Die Skulptur regt in radikaler Nahsicht ein Nachdenken über deutsche Geschichte an.
In Goethes Reisekutsche, Adenauers Mercedes und mein smart setzt Gröting sich mit Formen handwerklicher und mechanischer Produktion und deren Übergängen in digitalisierte und segmentierte Arbeitsschritte auseinander und begegnet dieser abnehmenden Greifbarkeit anhand ihrer Endprodukte. Sie fasst hier drei Karosserien aus drei Jahrhunderten als Skulpturen neu, indem sie ihnen von ihrem Inneren aus begegnet, von der Unterseite der Fahrzeuge aus, vom Abdruck ihrer Antriebsmechanismen, der Sichtbarkeit ihrer Bewegungsgesetze. Die Formen die sie dabei antrifft sind, wie von ihrer Zeit gezeichnet; von der in ihnen gelebten ebenso wie von derjenigen unseres Blicks auf sie.
Die Ansicht von Goethes Reisekutsche, einem Luxuswagen der jungen Bundesrepublik wirkt heute ungemindert präsent, aber ebenso funktionslos, wie eine Miniatur. Gröting bringt ihn näher anhand seiner Details. Ihre Gumminachformung zieht hervor, dass alles an ihm ausgearbeitet wurde, jedes Teil sich in Material und Oberfläche vom nächsten unterscheidet, dass Gefährt von Handwerkern in Einzelarbeit gefertigt und schließlich zusammengesetzt wurde. Nur immateriell, nur durch einen Scan, kann man seine Form heute noch ertasten, ganz im Gegenteil zu seinem Gegenüber, Grötings eigenem smart, den die Künstlerin auf die Seite kippte, um direkt von dessen Kunststoffhülle abzuformen. Von ihr ist alles Handwerkliche verschwunden, seine Form ist die Verkleidung einer digitalen Maschine, die nicht individuell greifbar ist.

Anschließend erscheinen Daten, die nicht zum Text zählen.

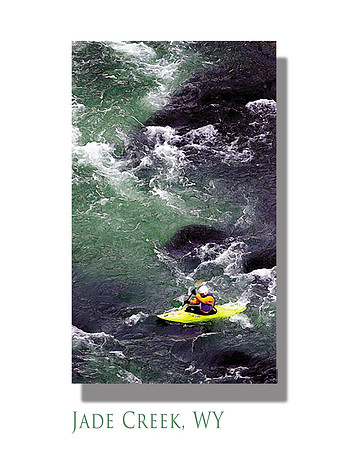 Jade Creek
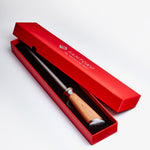 Bıçak Bakımı için Haruta 13 İnç Elmas Bileme Çeliği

Gemeinsam mit Adenauers monströsem Schiff, einem Mercedes aus den 1950ern, fern der gesäuberten Hülle des smart, aber ebenso weit entfernt von Goethes geschmiedeter Handarbeit.
Gröting legt eine skulpturale Geschichte der Bewegung aus. Eine Geschichte der Reisenden ebenso wie Produzierenden, in der sich der Zugang zum Material radikal verschob, von der handwerklichen Anstrengung zur Formung des Materials zu der konsumistischen Greifbarkeit seiner designten Oberflächen. Gröting lokalisiert, fern einer Nostalgie der vergangenen Handarbeit, die Kunst als Ort der Rematerialisierung, an der alle Zeiten Ausgangspunkte vergegenwärtigter Nähen werden.
Grötings Werk demonstriert skulpturale Erfahrungsräume als tatsächliche Körper, zwischen Geliebten, Verwandten und kulturellen Gemeinschaften. Die größtmögliche Nähe zweier Menschen im Silikonabdruck ihrer verbundenen Körper, die Stabilisierung einer Familienbande in der bronzenen Aufsicht ihrer Köpfe und die Gummiabdrücke dreier Fortbewegungsmitteln seit der Initiation nationaler, deutscher Kulturgeschichte, reihen sich hier zu einer haptischen Gemeinschaft aus Skulpturen, die im dünnen Abdruck nach der Eigenheit der Oberflächen suchen. Grötings expandierte Hüllen erschaffen eine Art materialisierter Aura dieser Körper. Die abgeformten Unterseiten von Goethes Reisekutsche, Adenauers Dienstwagen und von ihrem eigenen smart, liegen im Raum wie stillgestellte, mechanische Tiere, deren organische Hüllen wie die Ansicht eines vergangenen Lebens erscheinen, Indizien einer kaum mehr greifbaren Vergangenheit, einer Bewegungsform abseits der Gegenwart. Es ist die hergestellte Nähe der sich verändernden gesellschaftlichen Lebensformen, seien es mechanische Hilfsmittel oder die Materialisierung unserer persönlichen Bande in der Liebe oder der Familie, die in Grötings Skulpturen greifbar werden, Verhältnisse, die uns hier als Körper im Raum begegnen.